By Aarushi Pant
Recently, the sharing of pronouns on social media platforms, virtual meetings, and other online events has become more mainstream and normalized, and rightfully so. However, if you’re new to this practice, you’re not alone, and it can be confusing at first. Gender identity in general can be complex and it’s a difficult process for people to finally figure out what feels right to them. Just remember that it’s not optional to choose to use people’s pronouns — these are people’s real pronouns that they identify with, not their “preferred” pronouns.
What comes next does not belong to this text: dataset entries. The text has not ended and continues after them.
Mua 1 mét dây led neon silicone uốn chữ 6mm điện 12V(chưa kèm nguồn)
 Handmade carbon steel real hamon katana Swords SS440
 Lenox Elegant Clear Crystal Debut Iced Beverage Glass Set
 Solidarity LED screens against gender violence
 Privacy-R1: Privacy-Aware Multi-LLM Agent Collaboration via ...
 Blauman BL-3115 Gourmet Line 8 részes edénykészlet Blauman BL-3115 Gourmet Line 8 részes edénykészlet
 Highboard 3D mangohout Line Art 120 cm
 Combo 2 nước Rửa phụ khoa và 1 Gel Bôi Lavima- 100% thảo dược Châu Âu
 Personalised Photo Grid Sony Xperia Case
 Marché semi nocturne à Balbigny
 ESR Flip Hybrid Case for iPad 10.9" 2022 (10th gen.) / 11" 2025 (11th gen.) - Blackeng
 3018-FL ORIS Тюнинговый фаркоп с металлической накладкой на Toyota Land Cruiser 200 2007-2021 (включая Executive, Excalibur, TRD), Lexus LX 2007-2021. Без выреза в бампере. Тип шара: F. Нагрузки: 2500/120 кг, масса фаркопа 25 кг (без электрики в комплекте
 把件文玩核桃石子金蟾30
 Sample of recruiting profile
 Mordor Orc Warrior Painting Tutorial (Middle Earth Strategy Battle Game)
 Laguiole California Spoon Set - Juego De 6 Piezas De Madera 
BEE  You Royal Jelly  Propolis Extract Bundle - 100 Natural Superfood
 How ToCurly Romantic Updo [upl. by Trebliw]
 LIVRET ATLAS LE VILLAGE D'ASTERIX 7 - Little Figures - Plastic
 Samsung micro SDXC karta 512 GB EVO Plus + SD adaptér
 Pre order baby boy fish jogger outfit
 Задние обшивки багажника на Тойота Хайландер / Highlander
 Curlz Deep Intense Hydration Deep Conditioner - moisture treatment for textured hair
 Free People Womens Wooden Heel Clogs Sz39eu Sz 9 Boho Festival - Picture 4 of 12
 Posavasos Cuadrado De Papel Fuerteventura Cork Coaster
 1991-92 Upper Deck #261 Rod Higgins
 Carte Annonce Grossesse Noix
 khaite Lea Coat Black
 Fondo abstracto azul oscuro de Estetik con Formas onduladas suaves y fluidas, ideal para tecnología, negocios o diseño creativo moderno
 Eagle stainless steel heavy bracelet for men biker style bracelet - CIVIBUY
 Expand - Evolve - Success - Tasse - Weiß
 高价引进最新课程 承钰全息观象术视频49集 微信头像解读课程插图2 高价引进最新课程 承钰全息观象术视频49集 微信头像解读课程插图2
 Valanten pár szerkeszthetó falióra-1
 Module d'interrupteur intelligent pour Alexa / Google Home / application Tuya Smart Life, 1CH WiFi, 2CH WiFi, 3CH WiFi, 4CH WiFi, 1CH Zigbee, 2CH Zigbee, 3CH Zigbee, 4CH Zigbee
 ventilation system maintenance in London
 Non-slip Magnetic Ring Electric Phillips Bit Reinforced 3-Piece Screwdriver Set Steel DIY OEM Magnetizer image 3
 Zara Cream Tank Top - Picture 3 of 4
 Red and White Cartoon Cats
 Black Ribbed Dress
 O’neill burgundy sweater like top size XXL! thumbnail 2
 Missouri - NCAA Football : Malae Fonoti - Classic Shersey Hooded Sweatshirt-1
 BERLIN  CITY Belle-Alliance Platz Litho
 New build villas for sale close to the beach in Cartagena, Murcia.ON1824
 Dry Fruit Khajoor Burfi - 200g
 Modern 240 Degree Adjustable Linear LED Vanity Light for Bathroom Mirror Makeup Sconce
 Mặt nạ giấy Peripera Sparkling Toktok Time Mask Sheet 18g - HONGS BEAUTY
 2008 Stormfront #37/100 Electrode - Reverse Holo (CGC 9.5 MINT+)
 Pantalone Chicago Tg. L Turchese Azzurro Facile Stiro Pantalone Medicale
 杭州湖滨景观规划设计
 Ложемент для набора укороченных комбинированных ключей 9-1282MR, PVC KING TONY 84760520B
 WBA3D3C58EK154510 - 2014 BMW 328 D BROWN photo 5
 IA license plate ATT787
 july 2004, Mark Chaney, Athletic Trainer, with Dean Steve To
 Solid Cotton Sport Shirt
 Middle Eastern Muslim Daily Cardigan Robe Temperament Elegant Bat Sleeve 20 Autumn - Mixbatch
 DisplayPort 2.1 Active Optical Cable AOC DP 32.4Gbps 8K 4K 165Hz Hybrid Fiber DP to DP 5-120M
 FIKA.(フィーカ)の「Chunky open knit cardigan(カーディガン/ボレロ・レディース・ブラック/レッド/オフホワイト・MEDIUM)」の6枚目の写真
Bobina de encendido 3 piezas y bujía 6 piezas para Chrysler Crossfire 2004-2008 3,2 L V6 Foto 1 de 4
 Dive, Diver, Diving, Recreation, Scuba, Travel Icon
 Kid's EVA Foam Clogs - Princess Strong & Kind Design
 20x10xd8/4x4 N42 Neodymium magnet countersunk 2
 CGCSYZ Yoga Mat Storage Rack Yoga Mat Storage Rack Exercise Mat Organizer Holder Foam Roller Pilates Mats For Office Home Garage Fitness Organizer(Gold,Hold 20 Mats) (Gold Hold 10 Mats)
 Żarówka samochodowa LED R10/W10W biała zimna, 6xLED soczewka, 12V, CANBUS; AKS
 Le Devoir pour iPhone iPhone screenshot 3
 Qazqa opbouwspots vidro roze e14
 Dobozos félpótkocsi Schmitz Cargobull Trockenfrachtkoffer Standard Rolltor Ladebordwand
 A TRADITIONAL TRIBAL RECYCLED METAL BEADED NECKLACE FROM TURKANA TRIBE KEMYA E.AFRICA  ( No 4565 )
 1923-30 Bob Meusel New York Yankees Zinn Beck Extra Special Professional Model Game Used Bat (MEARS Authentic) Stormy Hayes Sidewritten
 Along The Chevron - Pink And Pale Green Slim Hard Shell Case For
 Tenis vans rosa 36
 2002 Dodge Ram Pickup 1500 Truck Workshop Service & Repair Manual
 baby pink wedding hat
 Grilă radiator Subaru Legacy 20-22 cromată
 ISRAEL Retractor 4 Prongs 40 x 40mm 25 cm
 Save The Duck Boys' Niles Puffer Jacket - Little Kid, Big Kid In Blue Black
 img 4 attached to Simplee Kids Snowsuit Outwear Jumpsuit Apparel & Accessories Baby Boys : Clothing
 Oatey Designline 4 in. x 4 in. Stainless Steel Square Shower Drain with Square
So, how exactly should you respect someone’s gender identity and pronouns, especially online? And what do you do when you make a mistake? Here are some helpful tips:
1. Ask, don’t assume.
Often, people will automatically assume someone’s pronouns, which is even more common in a virtual setting. For instance, assuming that someone who may look more “feminine” goes by she/her/hers pronouns is harmful and can be stressful and triggering to the person you may be misgendering. Instead, always ask someone what pronouns they identify with — it’s helpful to have people include their pronouns in their introductions, bios, or even their screen names.
2. Accept and support.
This is similar to #1: don’t argue with someone over their pronouns. If they identify with they/them/theirs pronouns, use them. Don’t try to justify misgendering someone for whatever reason. Arguments like “you used to go by she/her/hers pronouns” or “you don’t look non-binary” are unnecessary and disrespectful. Just believe what someone says and respect their gender identity.
3. Don’t joke about it.
Particularly over social media, it’s common for users to joke about identifying as an “attack helicopter” or make up pronouns for fun. Gender isn’t binary, and making fun of people’s identities is an outdated concept. There are so many topics to joke about; gender identity is not one of them.
4. Respect trans people.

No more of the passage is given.